La grève des bus touristiques qui sévit à Santorin depuis plusieurs jours a des conséquences directes sur le tourisme local. En pleine saison estivale, des compagnies de croisière ont annoncé l'annulation de leurs escales sur l'île, confrontées à l'impossibilité de transporter leurs passagers vers les sites emblématiques. Selon la mairie de Santorin, cette décision pourrait entraîner une perte de plusieurs millions d'euros pour l'économie locale, déjà fragilisée par la pandémie de Covid-19.
Un mouvement social qui paralyse l'île
Les conducteurs de bus touristiques, employés par des entreprises privées, réclament une augmentation de leurs salaires et de meilleures conditions de travail. Leur grève, entamée le 20 juin, bloque l'accès aux principaux sites touristiques, comme les villages d'Oia et de Fira, ou encore la caldeira volcanique. Les touristes, nombreux en cette période, se retrouvent contraints de marcher sous une chaleur accablante ou de renoncer à leurs visites.

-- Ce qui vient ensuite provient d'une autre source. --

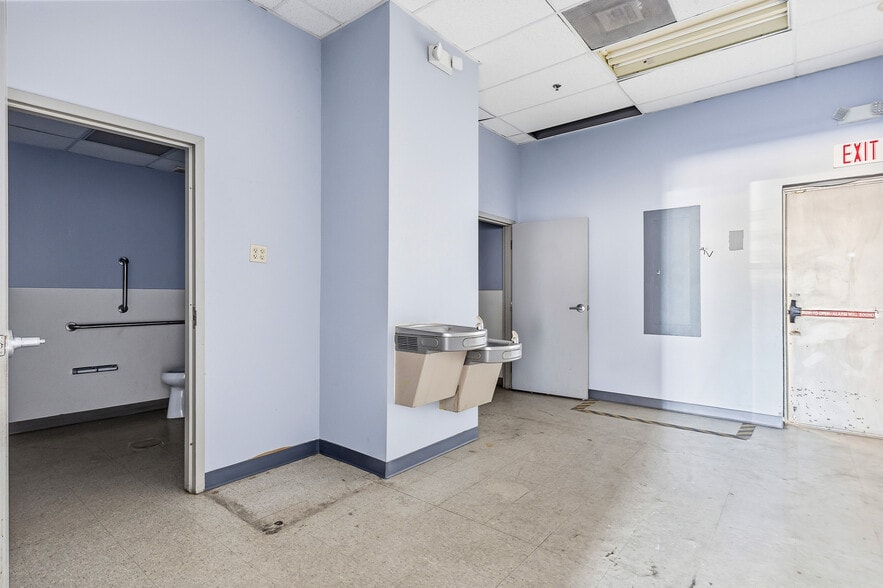 More Photos Of 5025 W Expressway 83, McAllen Restaurant For Lease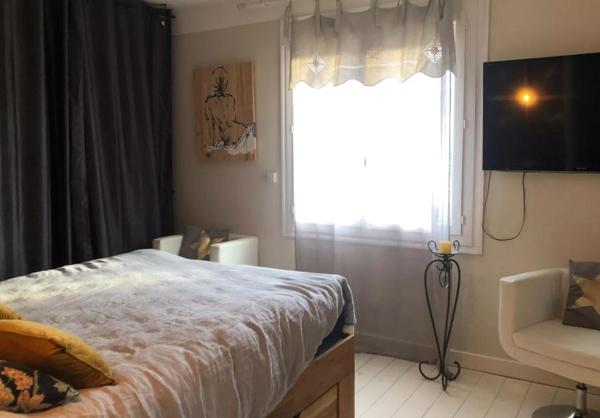 Maison entièrement rénovée avec jardin et piscine - Carcassonne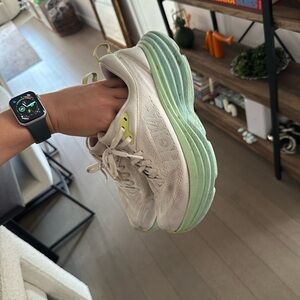 Hoka Bondi 8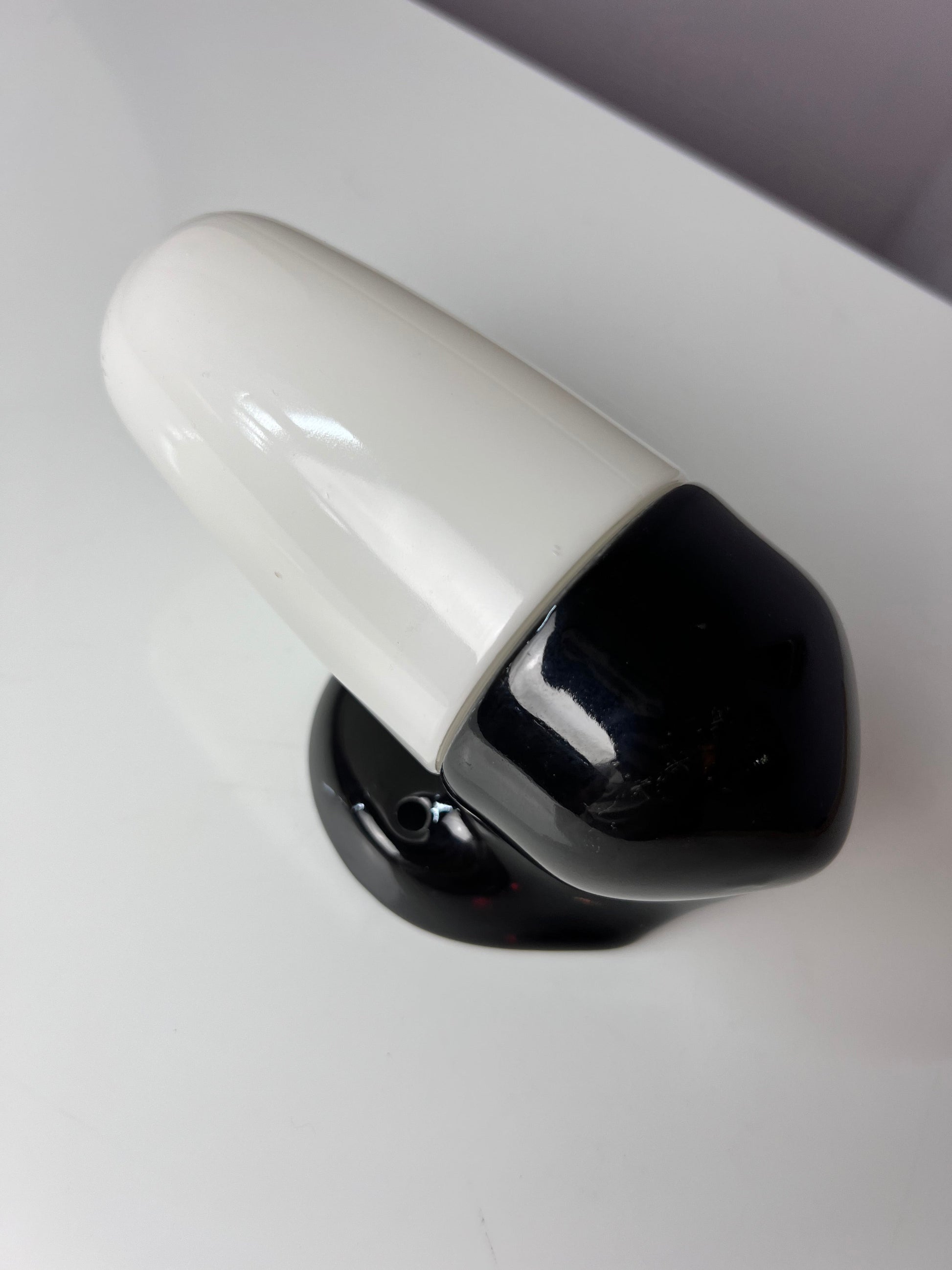 Vintage Wandlampe Modell 6067 von Wilhelm Wagenfeld für Lindner, schwarz weiß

Le maire de Santorin, Antonis Sigalas, a déclaré : "Cette grève est un désastre pour notre île. Nous appelons les deux parties à trouver un accord rapidement pour sauver la saison touristique." Les négociations entre les syndicats et les employeurs sont au point mort, chaque camp campant sur ses positions.
Les croisiéristes réagissent
Face à cette situation, plusieurs compagnies de croisière, dont MSC Croisières et Costa Croisières, ont préféré annuler leurs escales à Santorin pour les prochains jours. "Nous ne pouvons pas garantir à nos clients une expérience de qualité sans transports fiables", a expliqué un porte-parole de MSC Croisières. Ces annulations concernent plusieurs milliers de passagers par jour, une manne financière importante pour les commerces et restaurants locaux.
Selon les données de l'office du tourisme de Santorin, les croisiéristes représentent environ 30 % des visiteurs de l'île en haute saison. Leur absence pourrait faire chuter la fréquentation de 40 % sur la période, avec des répercussions sur l'emploi saisonnier.
Une économie locale menacée
L'économie de Santorin repose à 90 % sur le tourisme. La grève des bus intervient alors que l'île espérait une saison record après deux années difficiles. Les hôteliers et restaurateurs tirent la sonnette d'alarme. "Nous avons investi pour accueillir les touristes, et maintenant nous risquons de perdre tout notre chiffre d'affaires", témoigne Maria Papadopoulos, propriétaire d'un hôtel à Fira.
Le gouvernement grec suit la situation de près. Le ministre du Tourisme, Vassilis Kikilias, a proposé une médiation, mais sans résultat pour l'instant. "Nous espérons une issue positive dans les prochains jours", a-t-il déclaré.
Conséquences à long terme
Au-delà de l'urgence, cette grève met en lumière la dépendance de Santorin aux transports touristiques et la fragilité de son modèle économique. Des voix s'élèvent pour diversifier l'offre et réduire la saisonnalité. En attendant, les bus restent garés et les touristes désemparés, tandis que les négociations se poursuivent sous la pression des acteurs économiques.